Using the entries below, copy exactly each line from the line with "Rose flw0064" up to and including the line with "Mcclellan Road, Lot", with every picture left out.

● Data to process
┌──

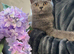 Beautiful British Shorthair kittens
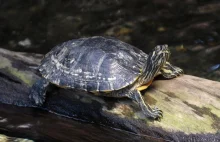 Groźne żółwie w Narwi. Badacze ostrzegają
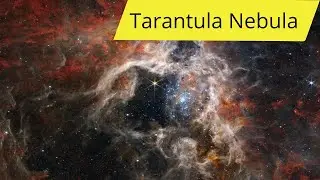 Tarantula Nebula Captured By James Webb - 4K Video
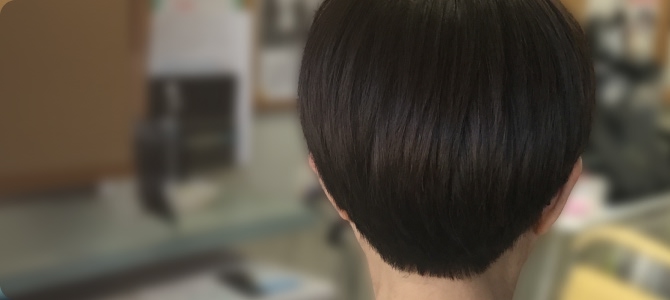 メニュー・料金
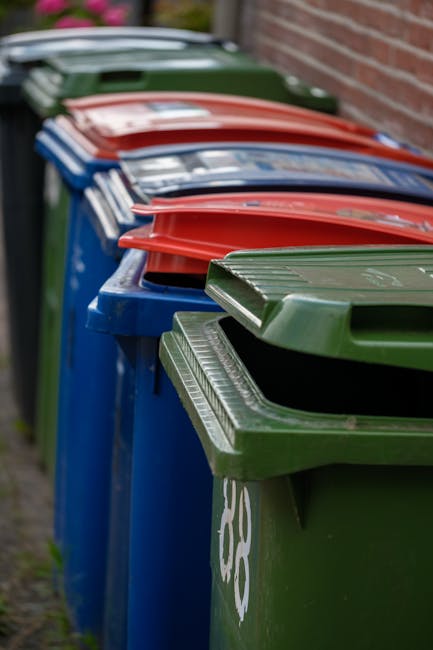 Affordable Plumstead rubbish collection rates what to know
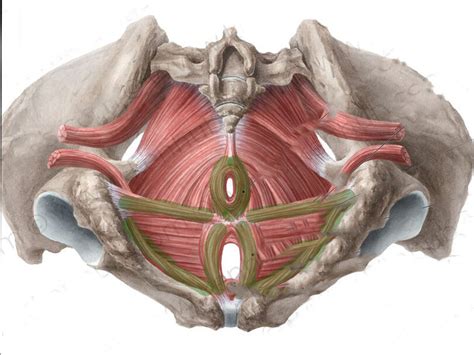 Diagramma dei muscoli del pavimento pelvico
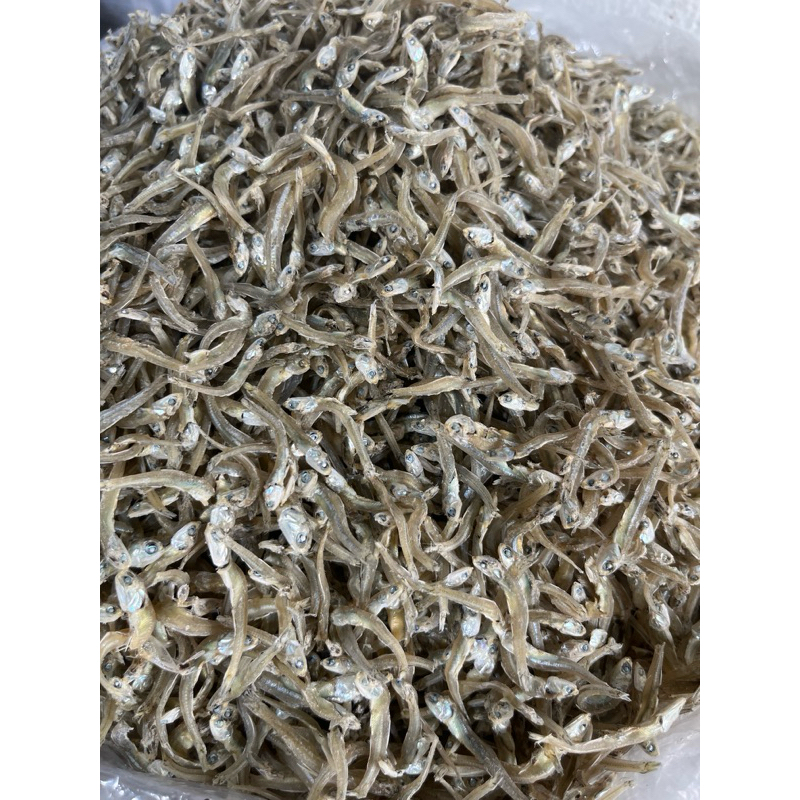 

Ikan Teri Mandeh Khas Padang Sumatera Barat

└──
┌──

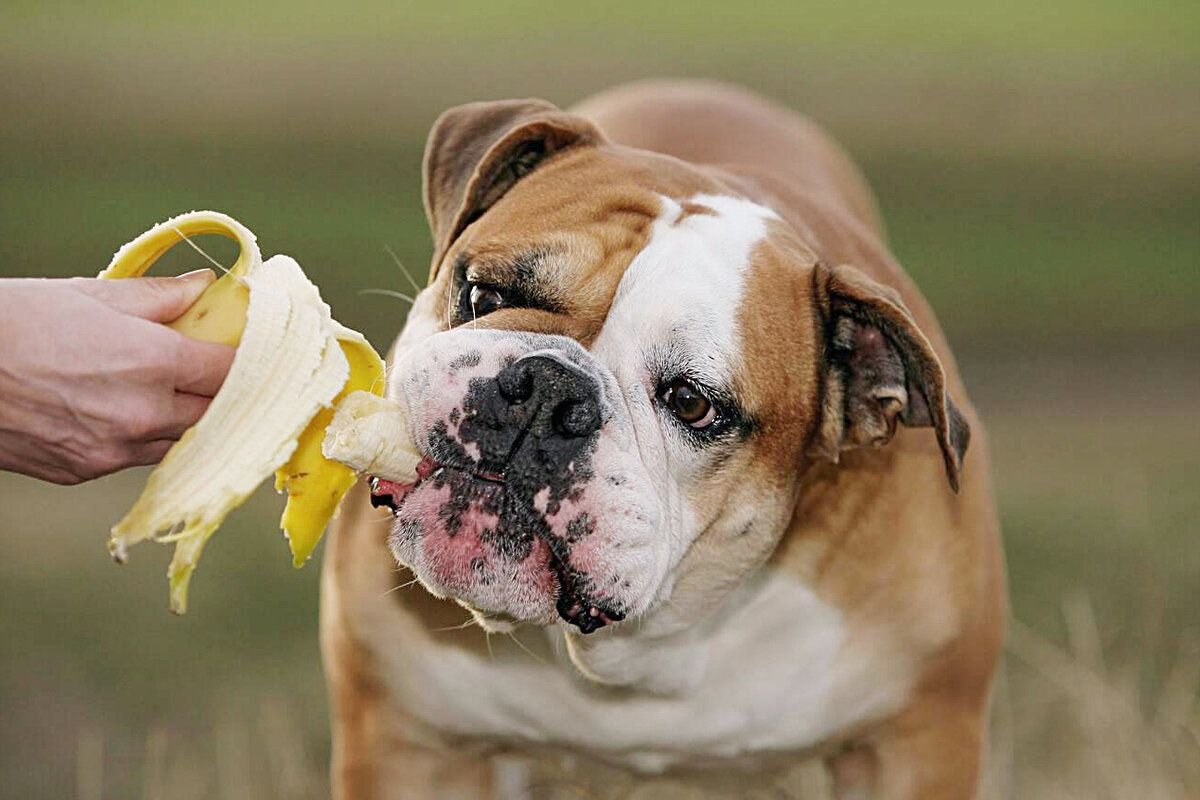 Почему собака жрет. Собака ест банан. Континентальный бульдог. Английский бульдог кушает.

└──
┌──

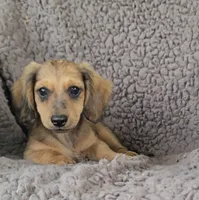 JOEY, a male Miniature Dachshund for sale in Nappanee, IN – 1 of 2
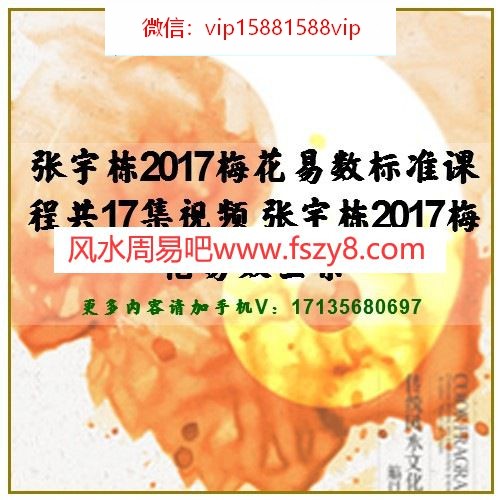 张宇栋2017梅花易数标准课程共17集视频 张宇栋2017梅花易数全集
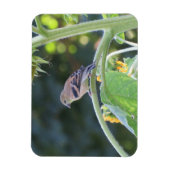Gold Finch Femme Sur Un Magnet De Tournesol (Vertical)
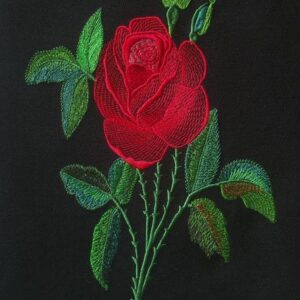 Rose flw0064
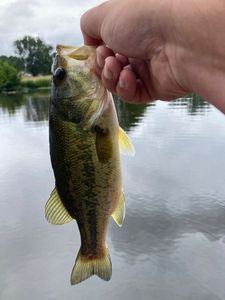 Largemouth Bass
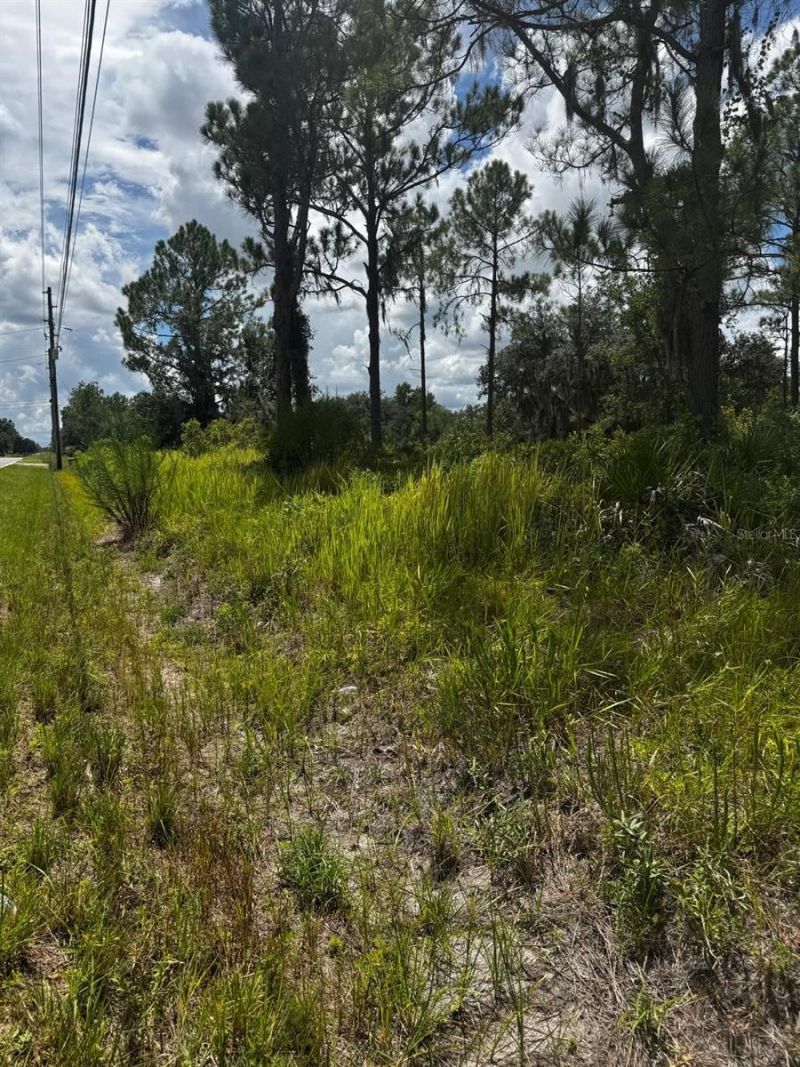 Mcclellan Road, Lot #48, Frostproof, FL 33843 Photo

└──

● Final answer
 Rose flw0064
 Largemouth Bass
 Mcclellan Road, Lot #48, Frostproof, FL 33843 Photo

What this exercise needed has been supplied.